Team name Institution/Company Team members Score
... ... ... ...

The intermediate and final ranking will be computed based on hidden datasets, which are not public or part of datasets in this competition. The hidden datasets used in intermediate and final ranking will be different, and they will be published after the respective deadlines. In order to maintain integrity, the hash or the encrypted version of the hidden datasets will be uploaded beforehand. To give participants an intuition about of their performance compared with others, there will be a weekly updated ranking based on the score from datasets in this competition.
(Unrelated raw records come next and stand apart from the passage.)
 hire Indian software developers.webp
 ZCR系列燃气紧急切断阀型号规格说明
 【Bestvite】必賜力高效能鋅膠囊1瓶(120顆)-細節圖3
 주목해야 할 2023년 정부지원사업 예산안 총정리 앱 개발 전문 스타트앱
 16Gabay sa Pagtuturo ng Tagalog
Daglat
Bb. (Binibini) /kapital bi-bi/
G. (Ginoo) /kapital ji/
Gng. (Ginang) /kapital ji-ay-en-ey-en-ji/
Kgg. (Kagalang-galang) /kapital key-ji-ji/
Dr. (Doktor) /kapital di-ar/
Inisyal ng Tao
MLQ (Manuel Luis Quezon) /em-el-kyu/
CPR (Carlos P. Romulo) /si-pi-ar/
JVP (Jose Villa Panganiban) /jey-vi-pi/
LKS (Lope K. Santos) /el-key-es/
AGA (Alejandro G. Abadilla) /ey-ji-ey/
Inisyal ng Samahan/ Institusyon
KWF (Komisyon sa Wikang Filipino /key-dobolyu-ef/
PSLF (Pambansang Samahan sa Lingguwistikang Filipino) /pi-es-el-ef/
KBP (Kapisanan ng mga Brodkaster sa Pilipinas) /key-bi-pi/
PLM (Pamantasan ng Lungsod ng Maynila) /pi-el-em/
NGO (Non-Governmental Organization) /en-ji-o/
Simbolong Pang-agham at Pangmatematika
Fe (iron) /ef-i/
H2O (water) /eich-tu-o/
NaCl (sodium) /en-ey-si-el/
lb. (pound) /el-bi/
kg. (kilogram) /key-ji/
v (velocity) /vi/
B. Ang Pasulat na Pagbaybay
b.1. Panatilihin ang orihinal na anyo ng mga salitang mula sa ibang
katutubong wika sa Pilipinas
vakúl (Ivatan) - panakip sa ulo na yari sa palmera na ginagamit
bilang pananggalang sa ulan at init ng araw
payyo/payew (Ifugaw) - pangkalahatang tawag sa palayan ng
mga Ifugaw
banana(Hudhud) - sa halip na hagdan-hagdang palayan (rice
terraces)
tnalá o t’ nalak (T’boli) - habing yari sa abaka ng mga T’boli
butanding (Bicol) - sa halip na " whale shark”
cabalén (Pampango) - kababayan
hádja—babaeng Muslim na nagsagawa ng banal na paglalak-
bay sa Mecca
The intermediate and final ranking could be very different from the weekly ranking, since the weekly ranking is more likely to overfit the datasets.

The winner's tool will be published after the deadline.

What the participants get?

  1. All participants get their name in the CodRep hall of fame
  2. All participants will be invited to present their solutions at a physical workshop with proceedings

What the winner gets?

  1. The ultimate CodRep fame
  2. Nice KTH goodies by post
  3. To be invited to take part to the design of a futuristic program repair bot in a research group
  4. An official KTH certificate

Data Structure and Format

The provided data are in Datasets/.../Tasks/*.txt. The txt files are meant to be parsed by competing programs. Their format is as follows, each file contains:

{Code line to insert}
\newline
{The full program file}

For instance, let's consider this example input file, called foo.txt.

double b = 0.1;

public class test{
  int a = 1;
  int b = 0.1;
}

In this example, double b = 0.1; is the code line to be added somewhere in the file in place of another line.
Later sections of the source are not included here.